日本では2010年代の後半あたりから紹介され、一部でちょっとしたブームとなっていた哲学のジャンルが実在論である。「事物が存在する」というのはどういうことか? 我々が「存在する」と思っているものは本当に存在するのか? というようなことを考える哲学だ。(分野が分野なのでさりげないブームではあるが)

このジャンルの中で最も目立っていたのが思弁的実在論と呼ばれる潮流で、カンタン・メイヤスーがその代表的な論者である。このメイヤスーに関しては以前の記事で紹介したのでそちらを参照されたい。

pikabia.hatenablog.com

そしてまた別の潮流が、今回取り上げる対象指向存在論、またはオブジェクト指向存在論であり、その入門書がグレアム・ハーマン『四方対象』だ(原著2010年)。ハーマンは英語圏におけるこの実在論ブームの仕掛け人の一人でもある。

 

全ての「対象」は同等に扱われる!

 

さてハーマンが展開する対象指向存在論とは何か。
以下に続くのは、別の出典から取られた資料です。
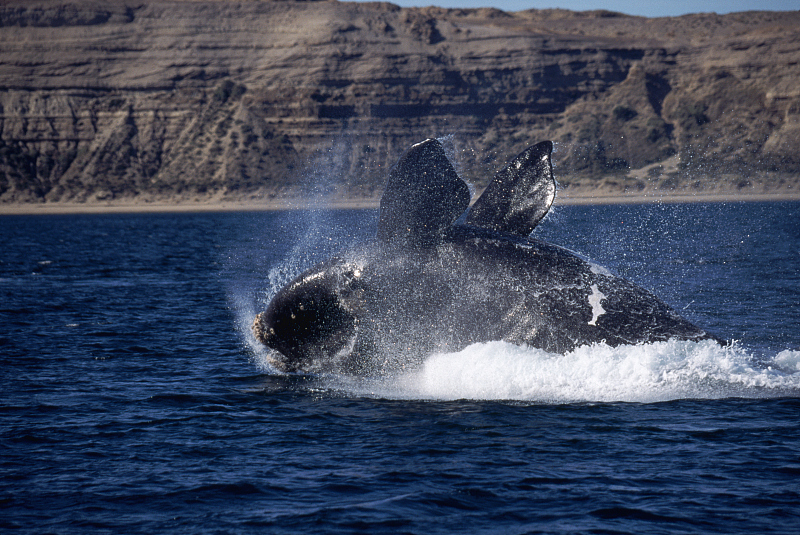  为何露脊鲸的睾丸有1000斤，比蓝鲸还重20倍？都怪“多夫多妻制”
それは一言で言えば、この世の全ての存在は「対象」として等価であるという主張である。そしてここで「この世の全ての存在」と言う時、それは(普通の言い方で)実在するものと実在しないものの双方を含むのである。少し長くなるが、冒頭から引用しよう。
 

徹底的な懐疑の代わりに、素朴な観点から議論を始めよう。哲学が、科学者や銀行員、そして動物たちの生活と共有していること、それは私たちが皆、対象(object)に関わっているという事実である。「対象」の正確な意味は以下で詳述されることになるが、(あらかじめ述べておけば)そこには物理的でない存在者や実在的でない存在者さえ含まれているはずである。ダイヤモンドやロープ、中性子と並んで、軍隊や怪獣、四角い円、そして実在する国や架空の国からなる同盟もまた、対象の内に含まれうるということだ。こうした対象は全て存在論によって説明されねばならず、その価値を貶めたり、取るに足らないものとみなしたりしてはならない。とはいえ私は──私の仕事に好意的な人と批判的な人のいずれもが繰り返すように──、全ての対象は「等しく実在的だ」などとは、一度も主張していない。ドラゴンは電柱と同じように自立的な実在性をもっているなどと言うのは誤りだからである。私の主張は、全ての対象が等しく実在的であるということではなく、全ての対象は等しく対象であるというものである。実在的なものと非実在的なものを同じ仕方で説明するより大きな理論の下でしか、妖精やニンフ、ユートピアがヨットや原子と同列に論じられることはないはずだ。(「はじめに」より)

 

うーん、名文だ……いや、いきなり詠嘆を始めてしまって申し訳ないのだが、この冒頭を読むだけで深い満足感に浸ってしまう。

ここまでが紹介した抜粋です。